INPUT RECORDS
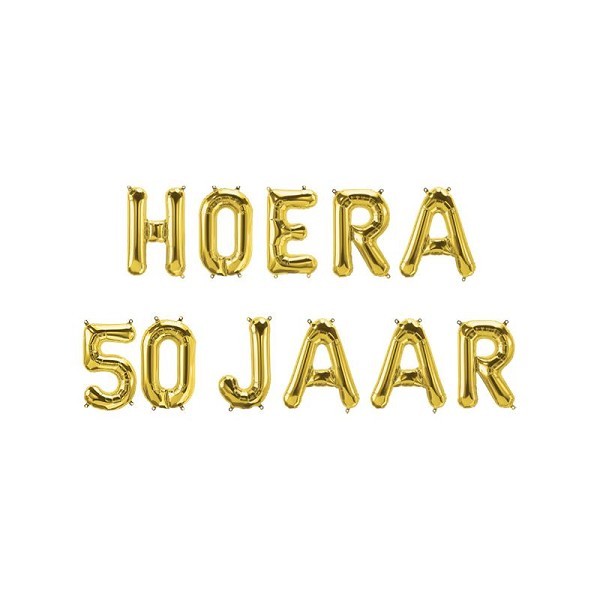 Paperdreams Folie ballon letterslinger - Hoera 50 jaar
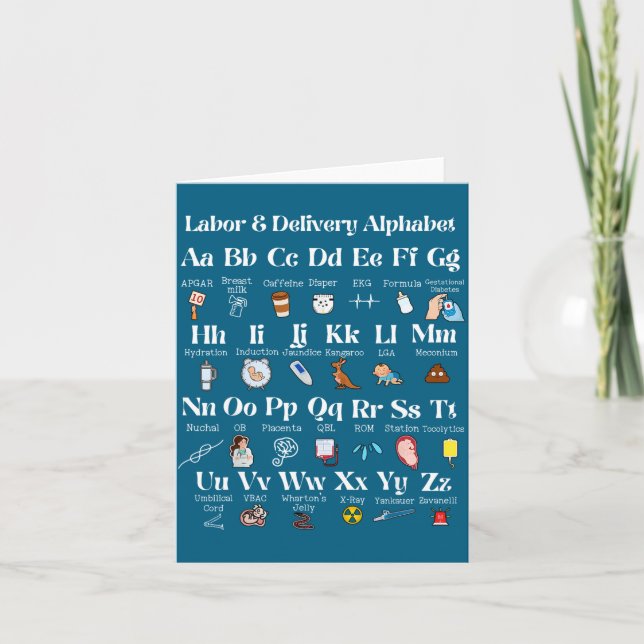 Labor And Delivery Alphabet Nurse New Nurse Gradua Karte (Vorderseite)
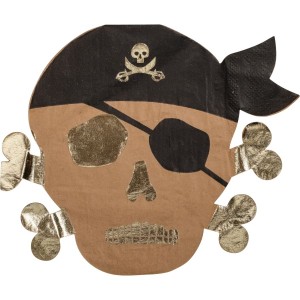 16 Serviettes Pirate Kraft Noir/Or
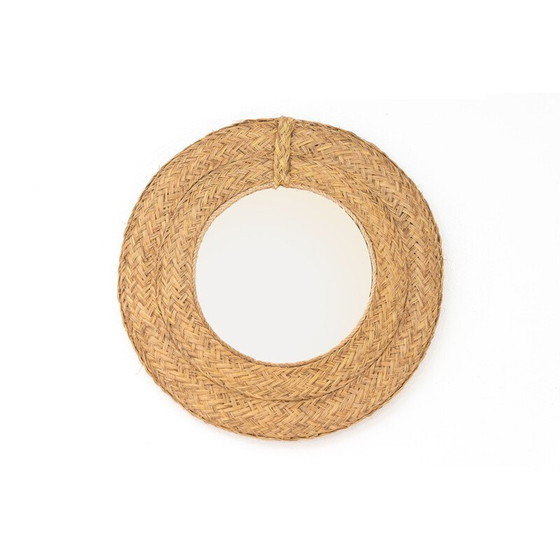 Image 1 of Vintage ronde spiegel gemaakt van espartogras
...
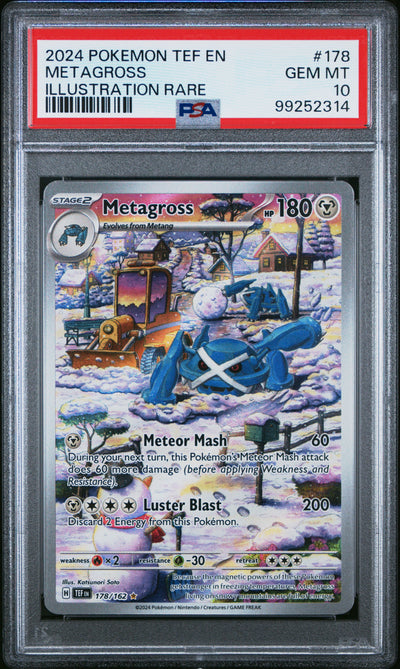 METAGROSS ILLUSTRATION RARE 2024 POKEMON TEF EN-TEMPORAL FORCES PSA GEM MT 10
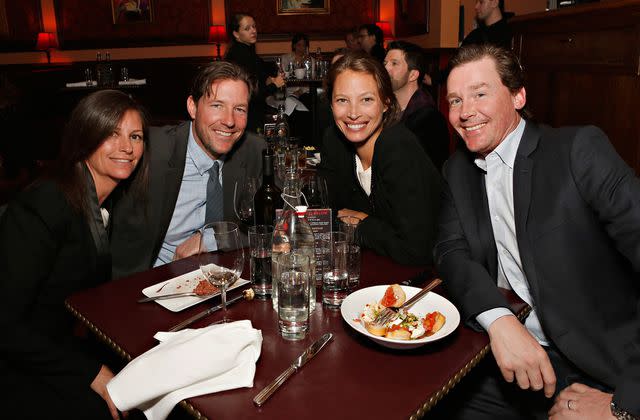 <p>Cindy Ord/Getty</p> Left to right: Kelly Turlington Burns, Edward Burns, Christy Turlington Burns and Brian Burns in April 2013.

PROBLEM STATEMENT
Within the listing above, extract exactly the lines that run from the one containing "METAGROSS ILLUSTRATION RARE" through the one containing "<p>Cindy Ord/Getty</p> Left", excluding any pictures.

EXERCISE SOLUTION
 METAGROSS ILLUSTRATION RARE 2024 POKEMON TEF EN-TEMPORAL FORCES PSA GEM MT 10
 <p>Cindy Ord/Getty</p> Left to right: Kelly Turlington Burns, Edward Burns, Christy Turlington Burns and Brian Burns in April 2013.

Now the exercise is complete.